Industry watchers have savaged US cloud backup provider Doyenz for not giving users enough notice about closing down its UK service.
As revealed by IT Pro yesterday, the SMB-focused firm is switching off its rCloud disaster recovery service in the UK tomorrow and has given users until the end of the month to retrieve their data.
The firm, who launched in the UK around nine months ago, is understood to have broken the news to its customers and reseller partners earlier this week.
I suspect they have not done as well as they'd hoped as quickly as they wanted.
Last month, tech site Geek Wire reported that an unspecified number of the firm's US staff had been laid off.
At the time of writing, IT Pro had still not received an official statement from the firm to explain its actions, despite repeatedly requesting one.
However, industry sources have suggested to IT Pro the firm's decision to axe its UK service is because of investor pressure.
The company is backed by venture capitalists, and our source claim its backers have may have got impatient waiting for the firm to gain a foothold in the UK.
"Venture capitalists are notoriously impatient, so I suspect they have not reached the right size of customers in the UK and not done as well as they'd hoped as quickly as they wanted," said our source.
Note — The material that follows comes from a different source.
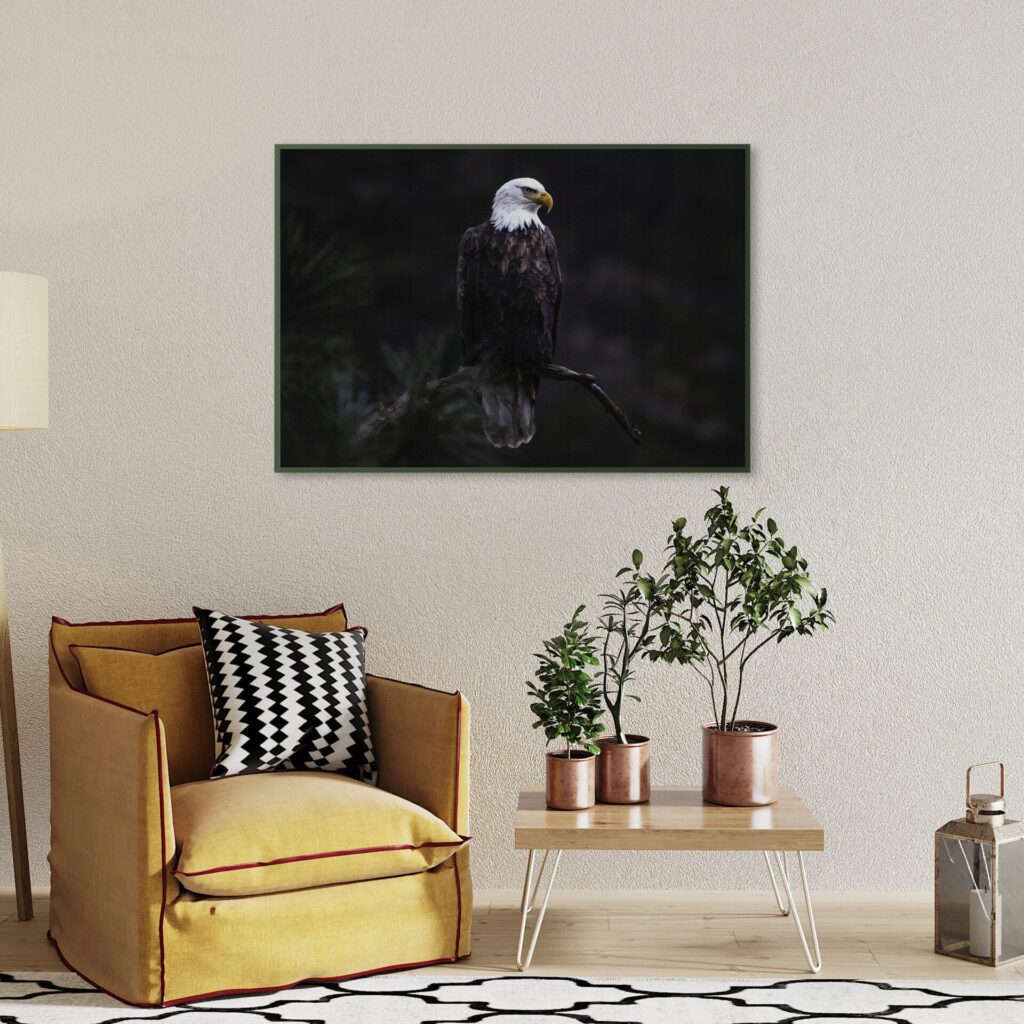 tablou textură canvas vultur pleșuv camera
Doyenz operated a UK datacentre, but Clive Longbottom, service director at analyst firm Quocirca, said this may not have been enough to persuade firms to hand their data over to a US vendor.
"Even if the data is stored in the user's country, if the facility is owned and/or operated by a US company, the data may have to be opened up to US authorities, if they invoke the Patriot Act," Longbottom told IT Pro.
The SMB online backup market, where Doyenz was playing, is a highly competitive place, with many small firms opting to use Dropbox or Google Drive-type services, said Longbottom.
"Many SMBs have also had no formal approach to backup in the past, so why should they suddenly leap up and [adopt one] now," he added.
"They market needs educating [about why backup is important], and this requires more than just a US company putting a few banner ads around, hoping that having built the same mousetrap as everyone else the masses will beat a path to their door."